Peter Stella: Yeah, it was either like, "Take this or go bankrupt," basically. But typically they were very bad instruments. It would be like you or me just suddenly saying, "Okay, I've got to issue a bond and sell it," you know, you've given pretty good terms. 

Peter Stella: So basically, as you've got out of that problem, treasuries started issuing domestic debt, but there was an incumbent in the market, it was the central bank. So you have a bifurcated market. In fact, if you look at Chile today, if you consider central bank debt a sovereign debt, which I do, basically 50 percent of the domestic sovereign debt is obligation of the central bank and 50 precent is obligation of the treasury. 

David Beckworth: Very interesting. 

Peter Stella: So that's inefficient, right? You're kind of dividing the pool of liquidity into two, and there's all kinds of problems with that. So one of the things that I've been doing maybe the last ten years or so most, is trying to unify domestic debt markets. Basically what it involves is issuing treasury debt to buy back central bank debt. I mean, that's a big picture. 

Peter Stella: So again, we come back to this idea of what we should have, the one sovereign debt manager. It's the treasury, they're going to manage the debt, we're going to get the central bank out of the debt management business, like issuing their own debt. So Mexico did this very successfully, for example. 

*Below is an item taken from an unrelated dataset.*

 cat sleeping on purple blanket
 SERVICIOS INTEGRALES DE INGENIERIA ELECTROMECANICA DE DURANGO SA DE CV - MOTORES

Peter Stella: What I see in the big balance sheet countries, the new big balance sheet, so called advanced countries, is you've suddenly done the similar thing to what the other central banks did, in a crisis, you issued all this new kind of debt. I say new in the sense that, okay, yeah, there was like $15 billion, but it wasn't being used for the payment system, right? So you've issued this new kind of instrument, which isn't the best instrument. I'm not saying all of this was dumb. You had to do it, right? Lehman is Sunday, on Wednesday you've got to do something. 

Peter Stella: I'm not saying that they should have come up with some magical formula that no one else came up with 20 years ago when they had their crisis. And as I said, if it's going to shrink back, I don't care. It's not a big deal. But if you're going to keep it big for a long time, well, what these other central banks did was, they found a way to issue these tradable debt instruments that could be traded not only by banks, but by everyone. It makes sense. So this whole idea of having huge bank balances forever, just doesn't make any sense. 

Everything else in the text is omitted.